The Hybrid Air is a gasoline-hydraulic hybrid and not a gasoline-electric hybrid. Let me explain. The Hybrid Air uses a 1.2-litre, three-cylinder gasoline engine and a hydraulic motor under the hood to drive the front wheels. Like a Prius, the Hybrid Air system recovers energy each time the vehicle brakes or decelerates; but instead of capturing the energy with a generator that charges a battery, the Hybrid Air system uses a reversible hydraulic pump to compress nitrogen gas in two carbon-fibre tanks under the floor.

When you hit the accelerator, the compressed gas pushes hydraulic fluid through the gearbox to turn the wheels. The amount of energy that is stored is small, but it gives you a boost, and can even briefly replace the gasoline engine, at the times when you consume the most energy – which is starting and acceleration.

PSA claims that in city driving, depending on traffic, you can save 45 per cent of fuel while running with the gasoline engine off 60 to 80 per cent of the time. I have no way of knowing if this is true or not, but the main advantage of Hybrid Air over Hybrid Electric appears to be cost.

PSA says it can undercut existing hybrids significantly on price because the Hybrid Air does not require an expensive battery and electric motor. It is hoped that Hybrid Air could be viable even in emerging markets like China and India where gasoline-electric hybrids are expensive and complex to repair.

PSA Peugeot Citroen needs this to be a winner.
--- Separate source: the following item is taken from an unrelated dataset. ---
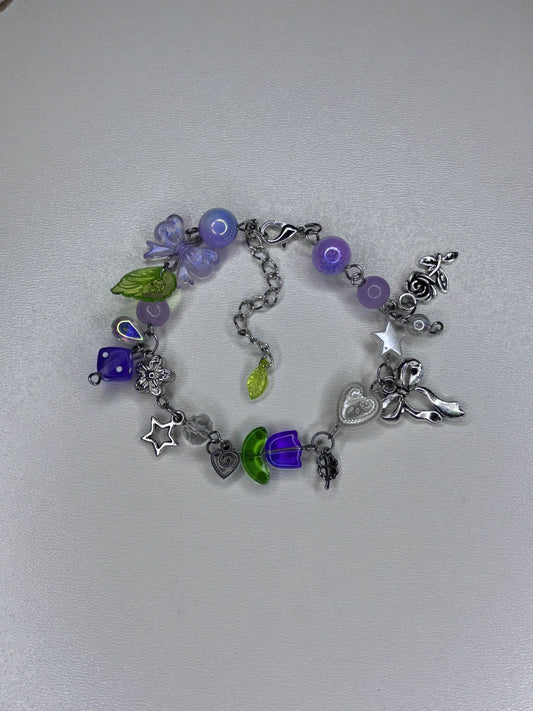Purple Tulip Beaded Bracelet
The automobile market in Europe is a disaster and, last month, PSA reported a loss of $6.6-billion for 2012. General Motors bought a 7 per cent stake in the French company last year, but has not yet signed on to the Hybrid Air technology. PSA admits it must partner it with someone to cover development costs.

As well as the technical challenge of developing a brand-new innovation, there is the perhaps larger problem of achieving market acceptance.
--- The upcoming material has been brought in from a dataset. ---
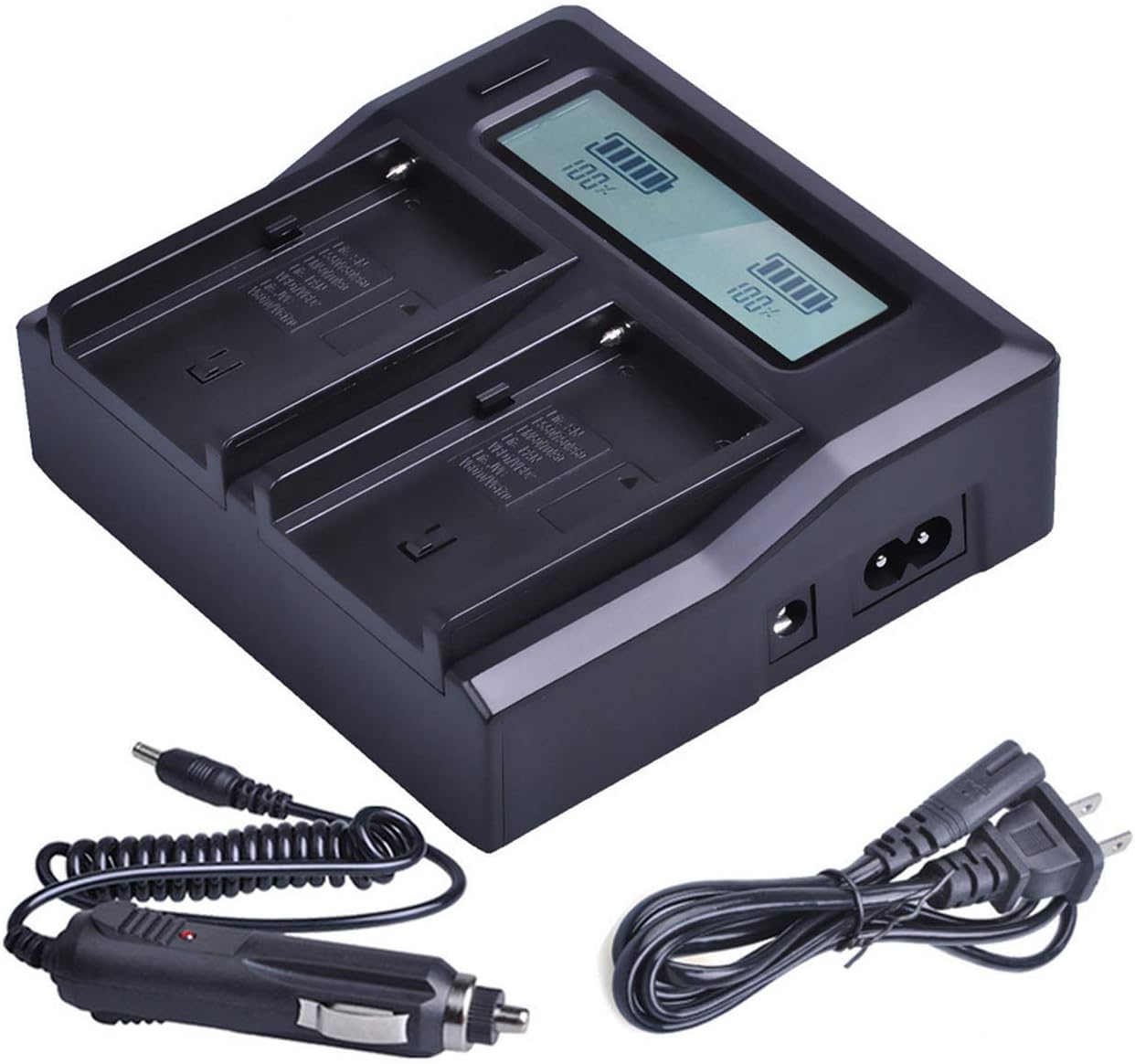 LCD Dual Quick Charger for Sony BP-U30, BP-U60, BP-U90 Batteries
Hybrid electrics, plug-in hybrids and battery-powered electric vehicles, all of which have a big head start in the market, have all been slow starters with customers. Are we ready to start driving around with high-pressure tanks under the floor? What if the hydraulics spring a leak?

Nevertheless, I found the Hybrid Air to be the most interesting new technology on display in Geneva.

The various forms of electric hybrid certainly save fuel, but nobody has come up with the answer on electricity storage. If they have, they haven't told you and me because that would make their current inventory of lithium ion and nickel metal hydride battery vehicles unsellable. Heavy, expensive, slow-to-charge, fast-to-discharge batteries are holding back hybrid acceptance.

Maybe a cheaper, simpler Hybrid Air can get us around the whole battery problem. It hasn't happened yet, but what I saw at Geneva with PSA Peugeot Citroen suggests an interesting possibility.